Far from pulling back, Trump is preparing a trade war against China that will greatly intensify tensions throughout Asia and heighten the danger of war. He has threatened to name China as a “currency manipulator,” enabling the imposition of penalty tariffs of up to 45 percent on Chinese exports to the US. An editorial in the hawkish Chinese state-owned Global Times has suggested in retaliation: “A batch of Boeing orders will be replaced by Airbus, US auto and iPhone sales in China will suffer a setback, and US soybean and maize imports will be halted.”
Trump’s punitive trade measures will not only impact on China, but on American allies such as Japan, South Korea and Australia, for whom China is the largest trading partner. According to Daiwa Securities, a 15 percent tariff on Chinese goods would result in a 1 percent fall in Chinese economic growth and significantly also lower growth rates in its trading partners.
In the midst of the acute uncertainty following Trump’s election, governments in Asia and around the world are being compelled to re-evaluate their economic and military strategies.
Japanese Prime Minister Abe and other foreign leaders have already warned that if Trump kills off the TPP, they will be compelled to work with China to conclude its rival trade agreement—a Regional Comprehensive Economic Partnership (RCEP). As Abe pointedly noted prior to the APEC meeting, RCEP includes most Asian countries as well as Australia and New Zealand, but not the United States.
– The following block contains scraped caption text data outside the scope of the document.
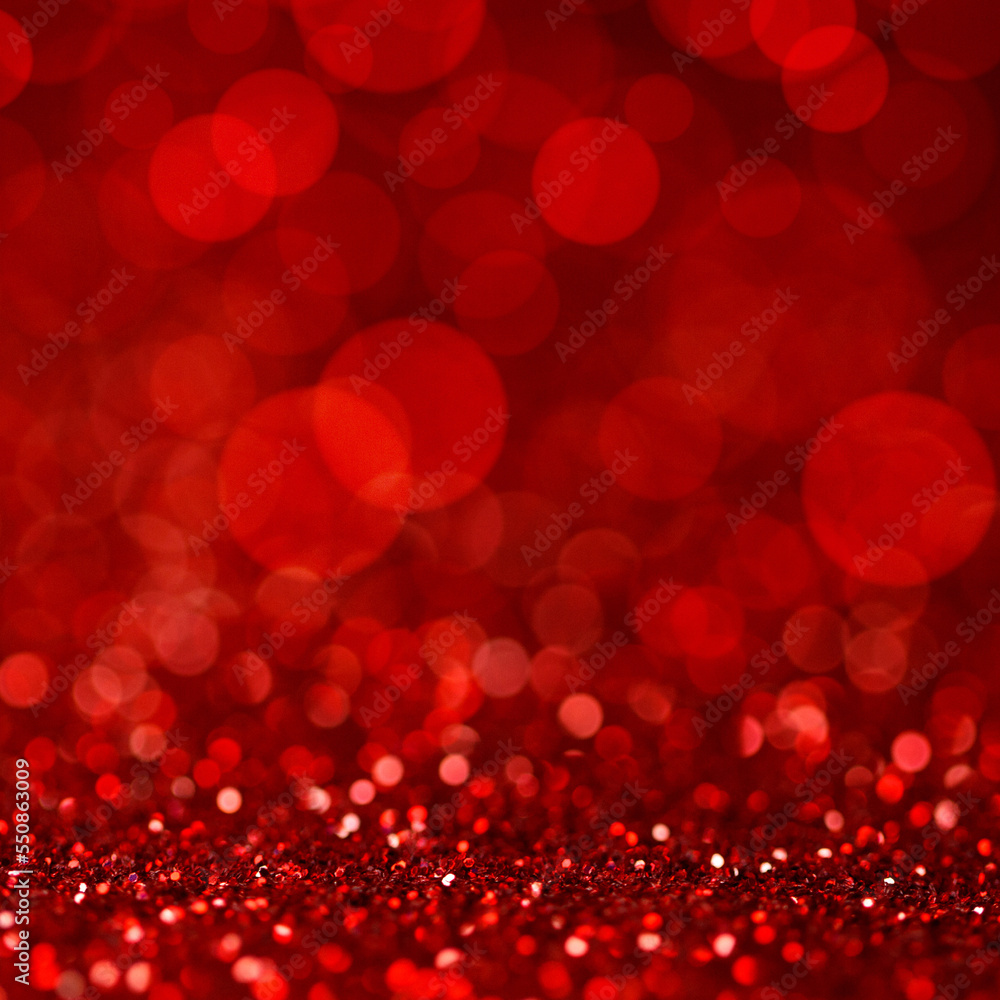 Abstract bokeh lights glittering red background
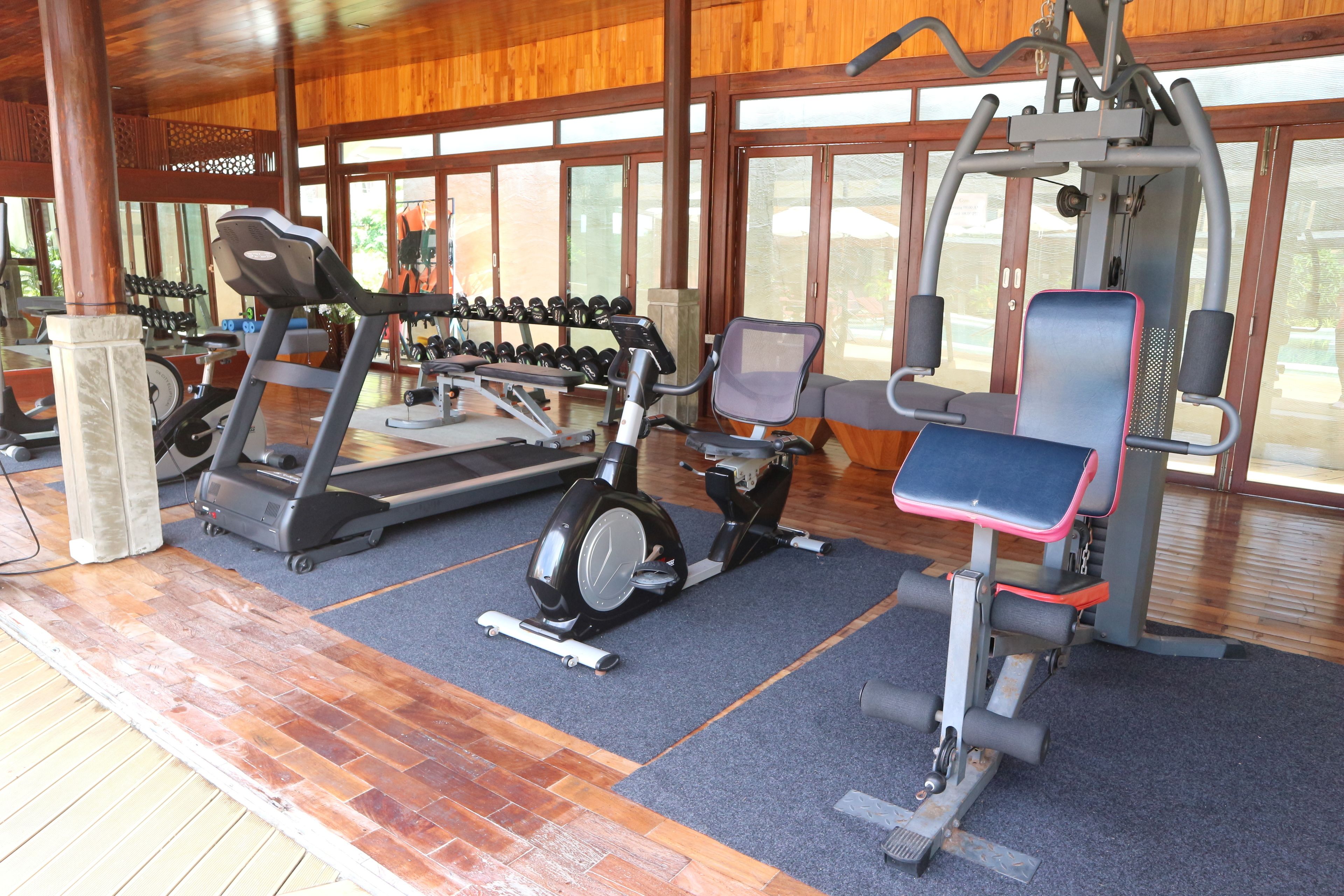 Un gimnasio con cintas de correr, elípticas y pesas sueltas.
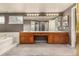Bathroom featuring a long vanity with dual sinks, walk in closet, and shower at 7501 S Ivanhoe Cir, Centennial, CO 80112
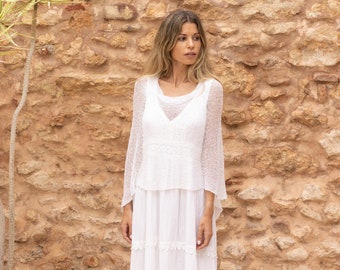 May include: A white maxi dress with a lace overlay and a tiered skirt. The dress is worn by a woman with long blonde hair, standing in front of a stone wall.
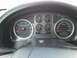 2007 Ford F-150 - The dashboard of a 2007 Ford F-150 displays various gauges including the speedometer and tachometer.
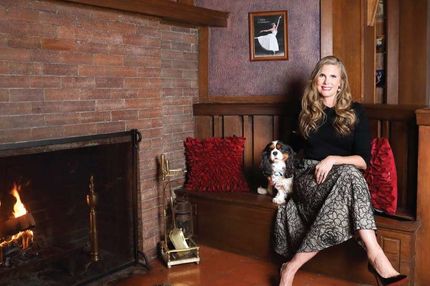 Woman sitting on a wooden bench with a dog beside a brick fireplace in a cozy room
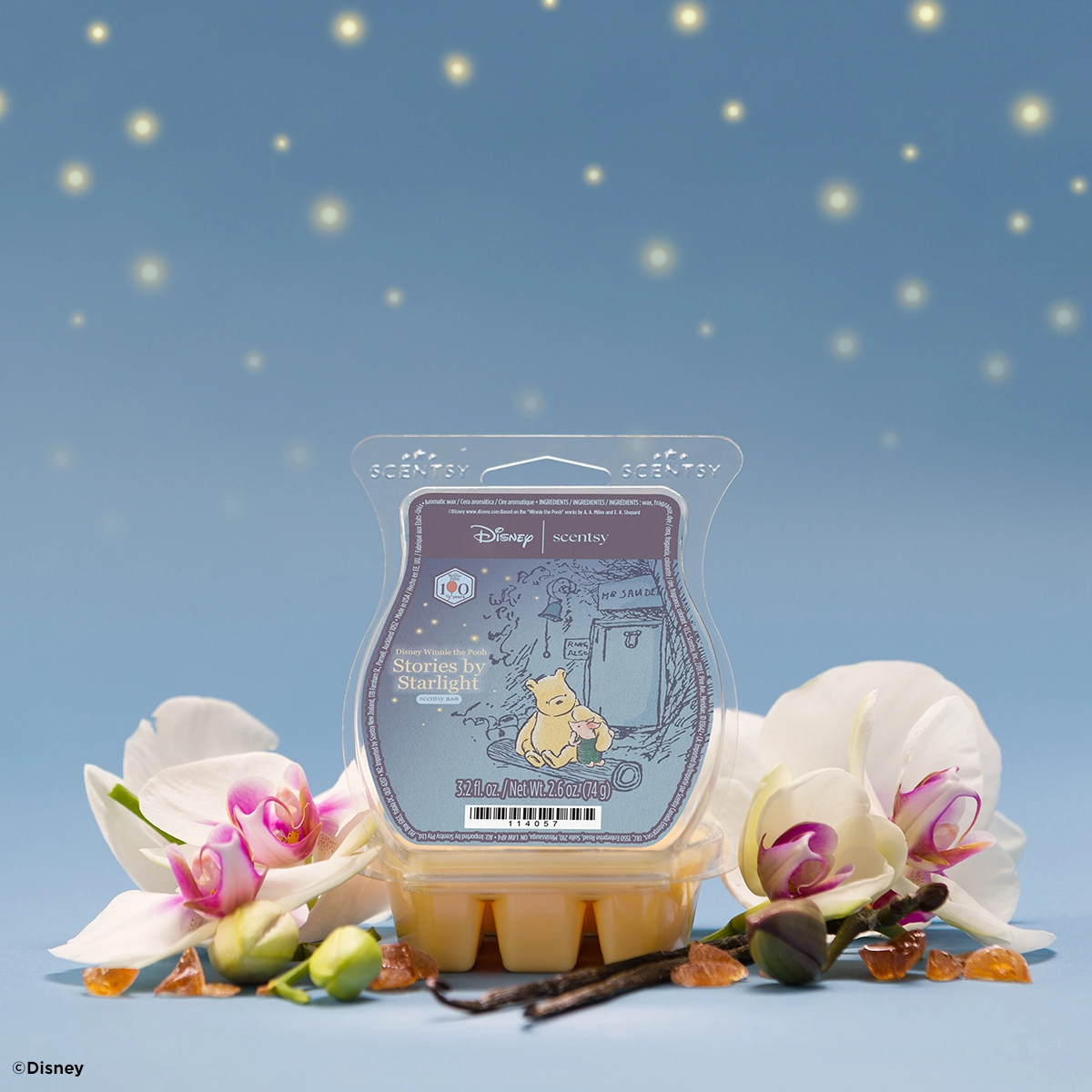 Pale yellow wax bar with a sketched Pooh and Piglet label, the Disney Winnie the Pooh: Stories by Starlight Scentsy Bar, amid orchids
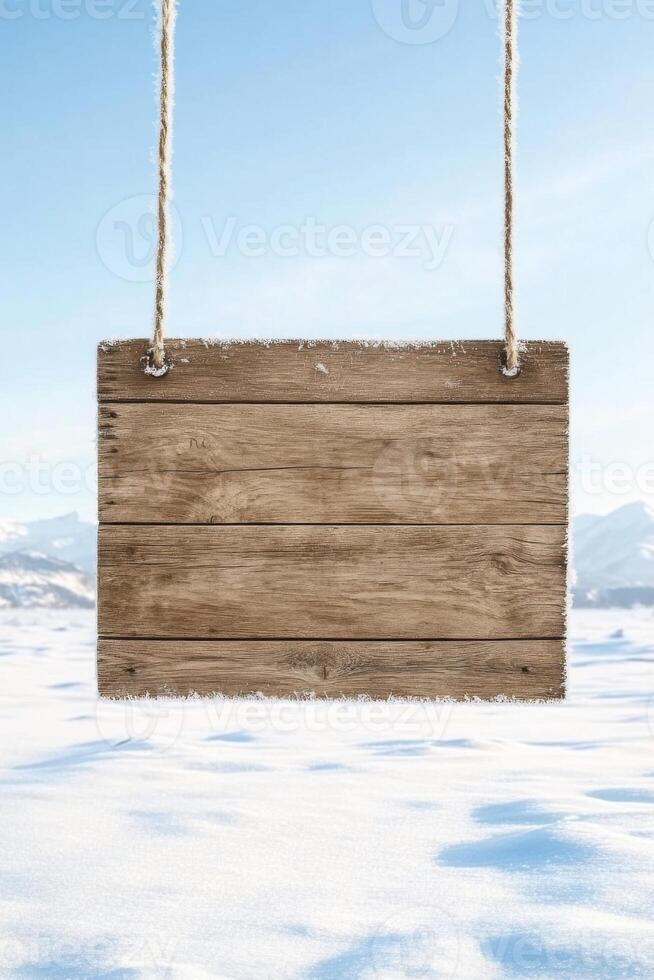 Frosted wooden sign floating gently above the serene winter landscape with icy ground and distant mountains photo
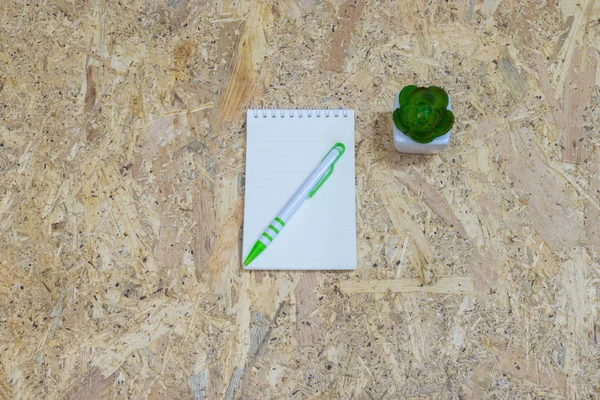 Notepad paper on wood background.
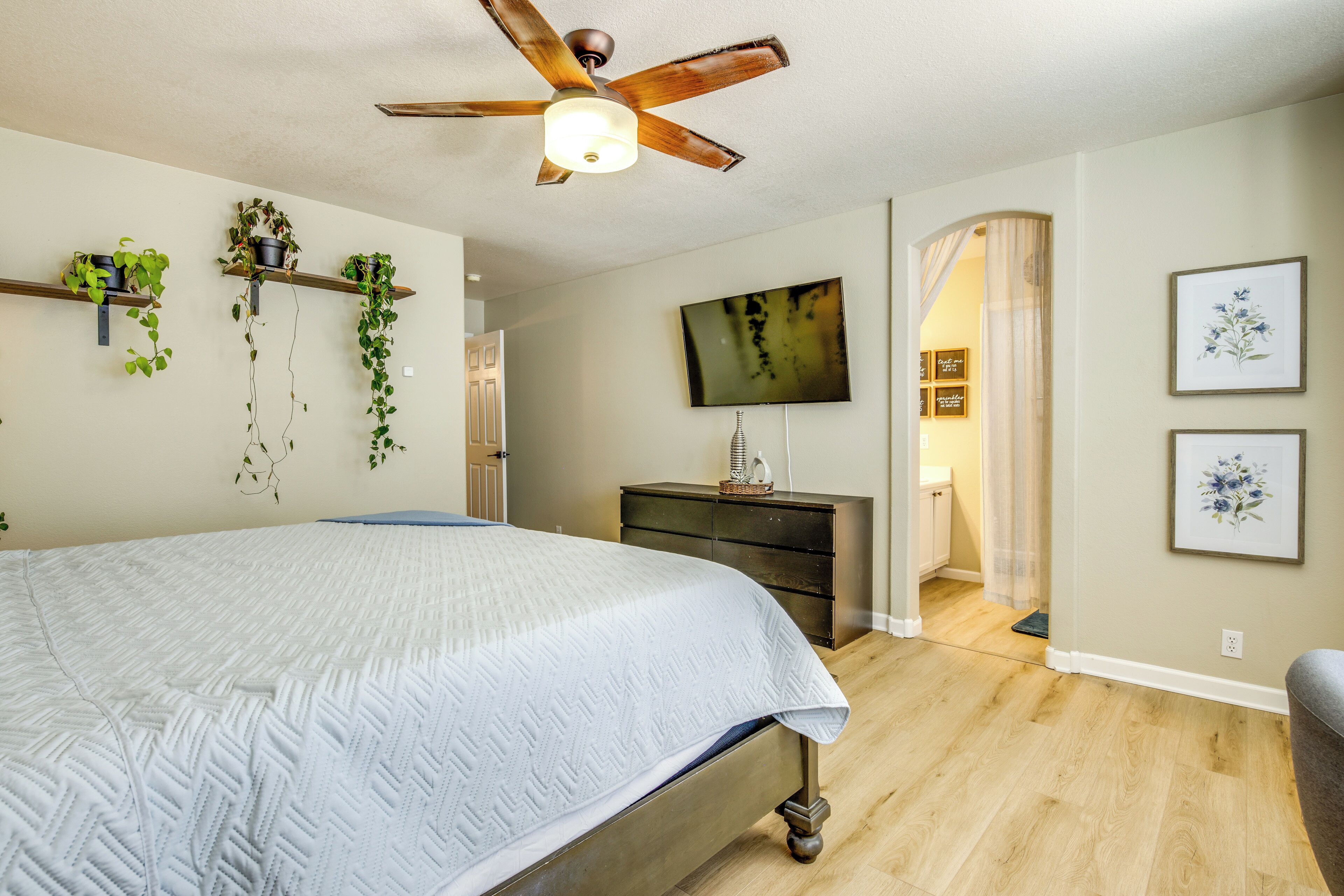 Une chambre à coucher avec un lit, un ventilateur de plafond, une télévision et des étagères murales ornées de plantes.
By declaring that the TPP would be “meaningless” without the US, Abe effectively ruled out a trade bloc that Japan would lead de facto and thus pose another challenge to US hegemony in Asia. While Abe might not be prepared to confront Washington, others in the Japanese ruling elite are already suggesting that Tokyo has to consider a more aggressive defence of its own economic and strategic interests.
Shigeru Ishiba, a powerful figure within the ruling Liberal Democratic Party who has twice challenged Abe for the leadership, declared on Monday that Japan would have to take a different approach after Trump assumes office. “Japan can’t just sit back and do what it’s told to do by the United States. We must make active proposals and swiftly reform our foreign policy where necessary,” he said. While not suggesting an end to the US-Japan Security Treaty, Ishiba called for full-fledged preparedness and more assertiveness on Tokyo’s part.
Trump’s aggressive trade war measures will greatly exacerbate geo-political rivalries throughout the region that could bring the US into conflict not only with China but also traditional allies like Japan. In historic decline, Washington no longer has the economic muscle to lay down the law in Asia or anywhere else and is compelled to resort to military means.
Trump has already indicated that he will double down on the US military build-up by expanding the army by 90,000 personnel and the navy by 40 to 350 warships. Trump adviser Rudy Giuliani boasted last week: “At 350, China can’t match us in the Pacific… If you face them with a military that is modern, gigantic, overwhelming and unbelievably good at conventional and asymmetric warfare, they may challenge it, but I doubt it.”
In reality, what a Trump administration is preparing to initiate is a trade war and arms race in Asia that risks an open military conflict. The roots of this accelerating drive to war lie not in the personality of Trump but in the deepening crisis of world capitalism that is driving global and regional powers to impose the burden on their rivals abroad and the working class at home.